Killeen, Texas natives Offenders were a hardcore outfit that would go on to become a staple of the underground Austin scene through the mid-80s. “Endless Struggle,” the second and last of their full albums, was released in 1985 to as critical of acclaim as a Texan regional punk band could get in the Reagan era, and today we revisit every detail.

Listening to the lyrics of “Endless Struggle” really evoked a distinct type of nostalgia in me, specifically a yearning for the parties that my high school friends and I would throw in a literal quarry in our shitty rural hometown. You know, the ragers where you’re all underage and drunkenly standing on the precipice of a rock ledge where just under the water there is an abandoned Buick that will break your legs if you jump in and land on it. Then there’s like weird sand dunes and shit for people to jump an ATV over? You’re all shotgunning Natty Light? And you keep seeing these really intense images of police cars and your friend Annie yelling at you to run?

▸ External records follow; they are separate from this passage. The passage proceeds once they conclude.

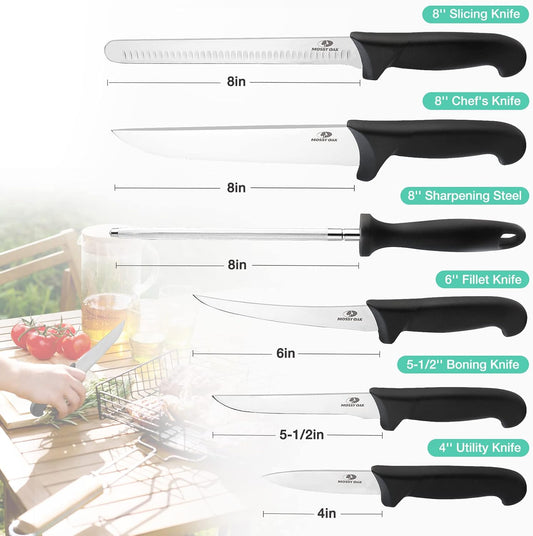 6PC Kitchen Knife Set, Stainless Steel Knives with Roll Bag | Razor Sharp Blades, Non-Slip Ergonomic Handles, Full Bolster Design, Cuts Meat Fruits , Ideal Gift for Cooking Lovers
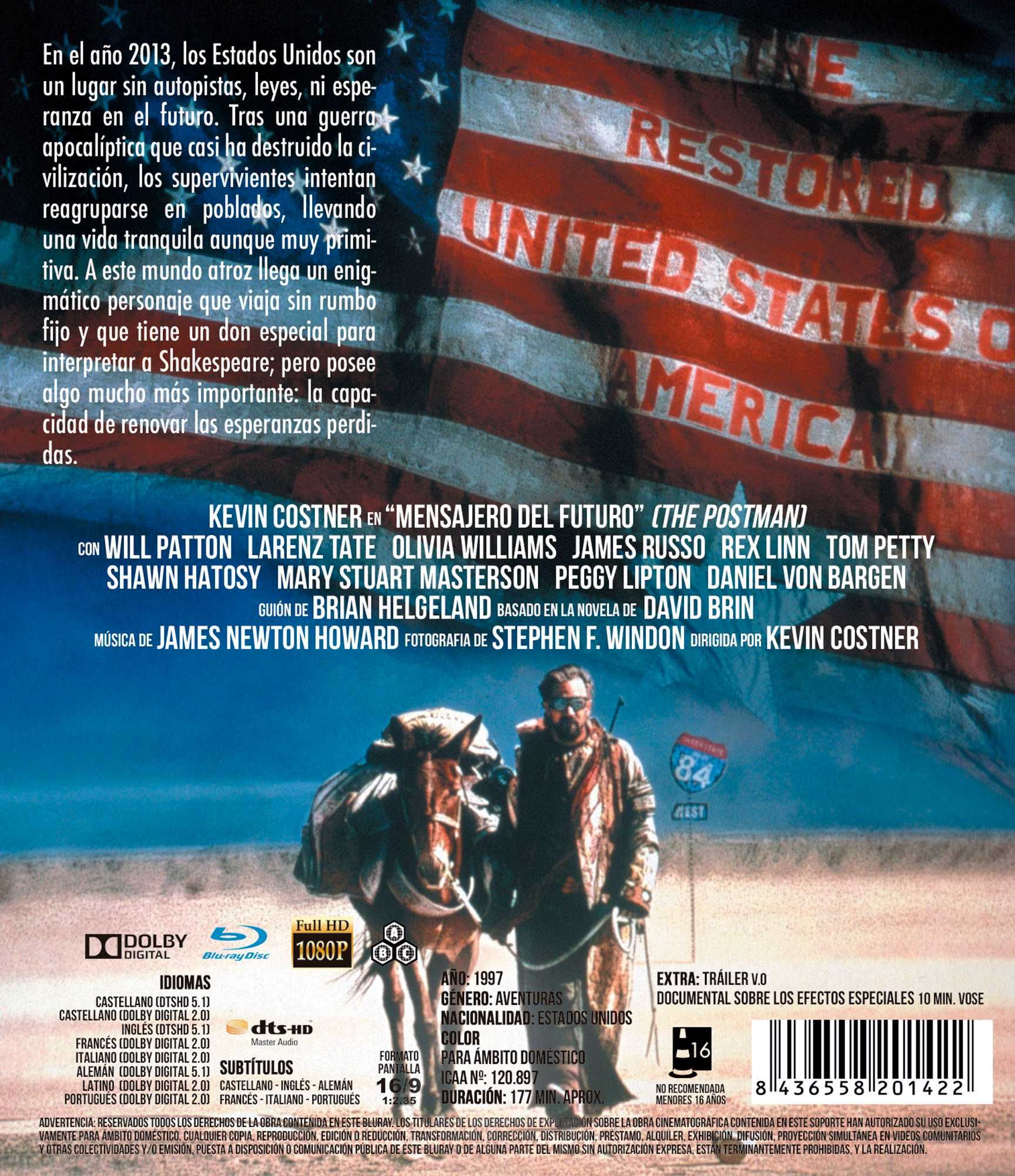 Mensajero Del Futuro/The Postman: O Mensageiro (Blu-Ray)-Importado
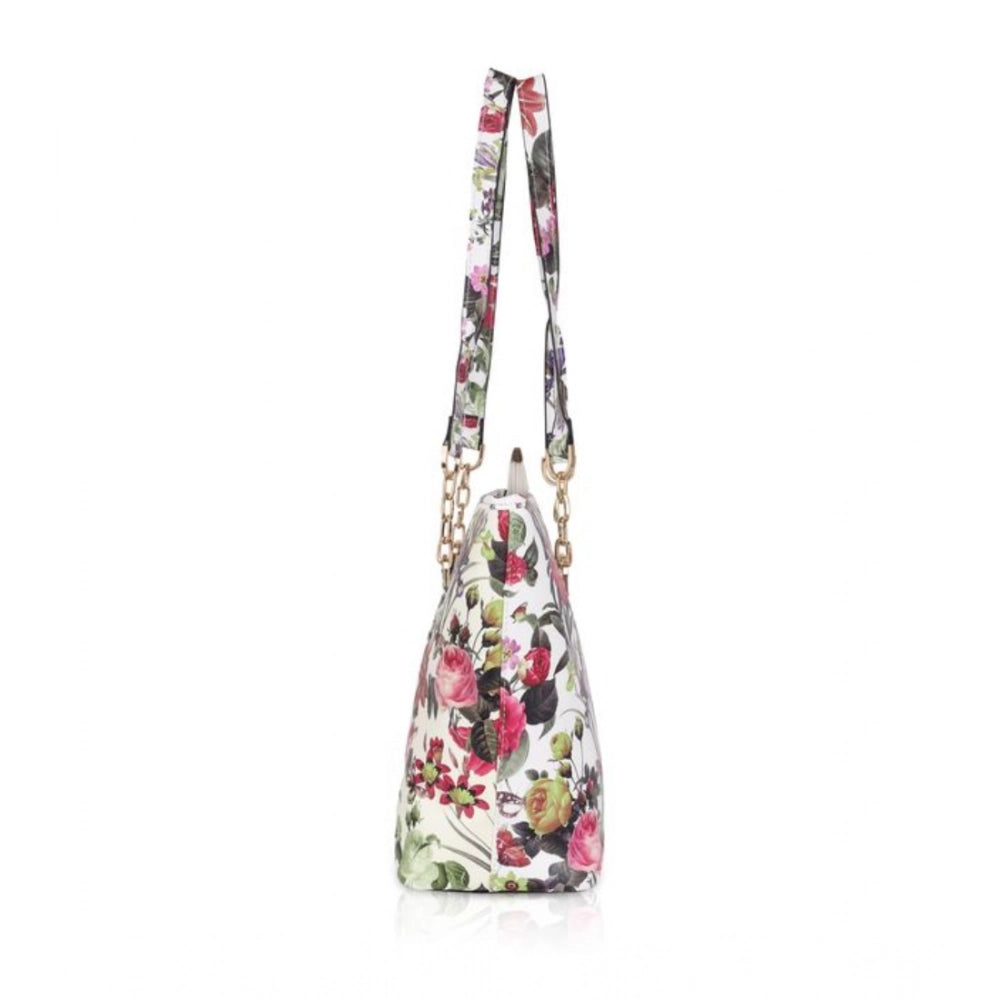 Printed Luxe Women’s Tote Bag – Faux Leather Multi-Colour Handbag
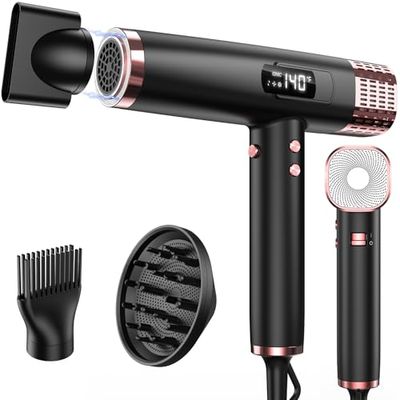MESCOMB Seche Cheveux Voyage Ionique Professionnel avec Diffuseur avec Double Tension, Séchage Rapide, Sin Daños Térmicos, Faible Bruit Contrôle Thermique Intelligent pour Famille Voyage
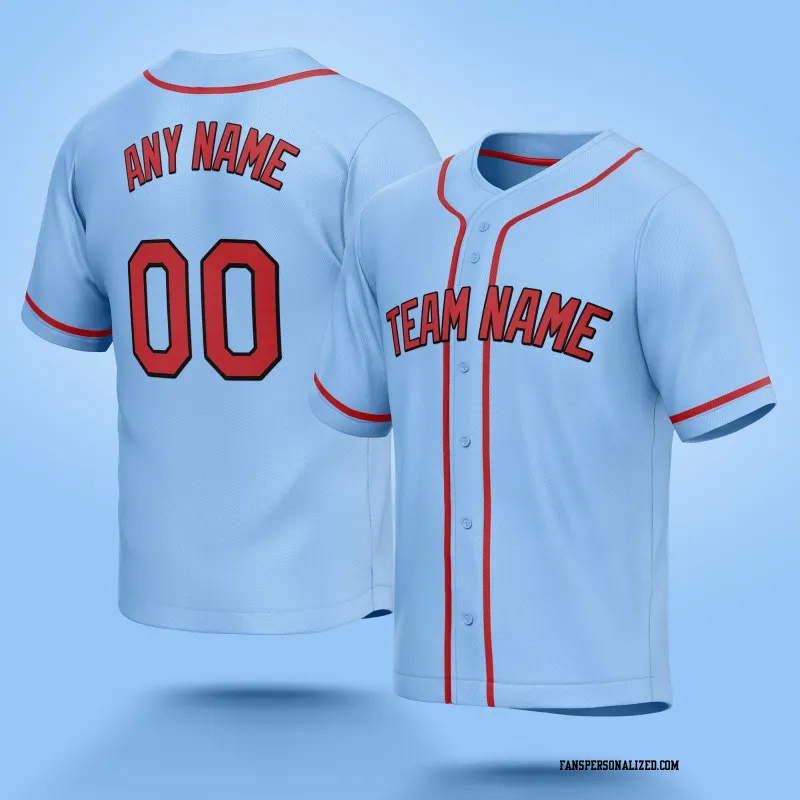 Stitched Customized Light Blue Red Red Baseball Jersey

Huh, that’s weird. That felt like an actual memory as opposed to like, regular old wistful reminiscing. Anyway, since I couldn’t quite place why “Face Down in the Dirt” sounded so fucking familiar to me, I did a quick YouTube tutorial on how to recall repressed memories. After a few hours of staring into my phone and thinking super hard about how much I didn’t remember anything, it hit me: I had heard this exact track before. The night the cops finally busted us, and…oh, god–

It’s all coming back to me now. This album was playing the night I fell in the quarry. Holy shit, dude. I mean, I must have died, there’s no way I could have survived a fall like that. I remember an antenna from an old Buick slicing through my stomach, there was so much blood and I was stuck underwater. Is this technically a past-life regression, then? Am I fucking dead? Hello?? I said–am I fucking dead??

Sorry, no, I’m good. I forgot about the super-strong mushroom tea I made before sitting down to write this. I’ve either been writing for 25 seconds or several years.

I’ve definitely never heard this album before, but if I have, it has my approval as a cool soundtrack to become a ghost to.